It's time for Nina to come out of her comfortable shell, but she isn't convinced real life could ever live up to fiction. It's going to take a brand-new family, a persistent suitor, and the combined effects of ice cream and trivia to make her turn her own fresh page.

My Review:

If you are one of those people (like me) who firmly believes that not only are books the perfect presents to give yourself, but that spending time with them is one of the best things EVAR, than you will probably feel for Nina Hill as much as I did.

Those of us who are book dragons (because being a bookworm just doesn’t describe us accurately – we will defend our bookish choices and bookish friends with dragon-like aggression!) may have come to our love of reading from somewhat different directions that Nina, once we’re there, we’re definitely each other’s people. Each reading quietly in a corner when we’re not passionately discussing our bookish loves – and hates.

So it was easy for this reader to identify more than a bit with Nina and her very bookish life as the story opens. She has a tiny apartment, filled with books – and a cat! – loves her bookstore job and reads in her downtime. All of it not spent doing chores, running errands, working, sleeping or attending to the cat’s every need. As we do.

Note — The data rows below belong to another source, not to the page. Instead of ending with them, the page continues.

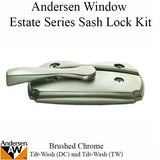 Andersen Tilt-Wash (DC) and Tilt-Wash (TW) Windows - Estate Series Sash Lock, Brushed Chrome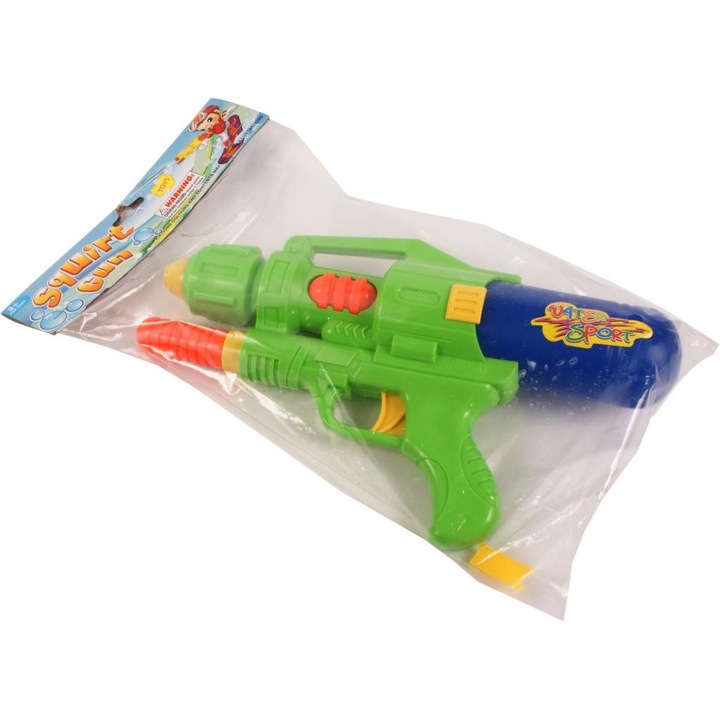 Tartályos vízipisztoly - 31 cm, zöld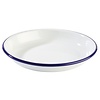 APS Talerz emaliowany, głęboki, Ø220 mm, 350 ml, biało-niebieski APS Talerz emaliowany, głęboki, Ø220 mm, 350 ml, biało-niebieski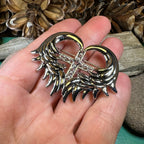 Angel Wings Celtic Cross Brooch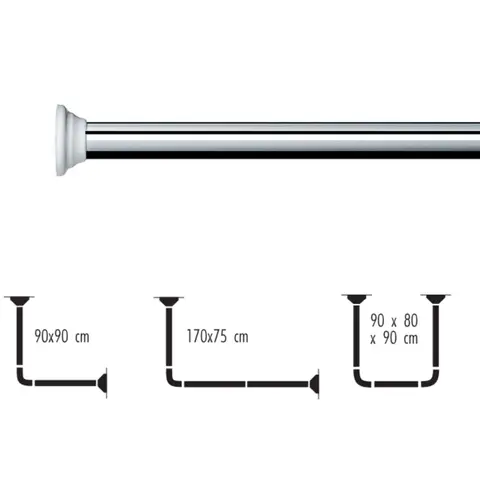 tringle pour rideau de douche Decor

Which means that Nina’s life – although it may seem boring to some, sounds a bit idyllic to those of us who read for pleasure, for solace, and just because.

Admittedly some of us may not be the obsessive planner that Nina is. But still…

Nina’s life revolves around her job, Phil the cat, reading, and trivia night with her friends. Her constant reading makes her an excellent trivia contestant – as every librarian will also agree. But Nina doesn’t just play for fun – she’s a competitive trivia player – right along with her teammates on Book ‘Em Danno.

Their rivals on the LA trivia circuit are You’re a Quizzard, Harry, but Nina is convinced that Harry Potter may be the only book some of them have read. Especially Tom, who helps his team beat Nina’s by being a sports trivia expert – which Nina is just so not.

Of course Nina notices Tom all the time – and vice versa. They may be rivals in trivia, but they sizzle with possibility.

A possibility that Nina is afraid to fit into her overplanned schedule. (Nina and Hermione Granger would have LOTS in common.)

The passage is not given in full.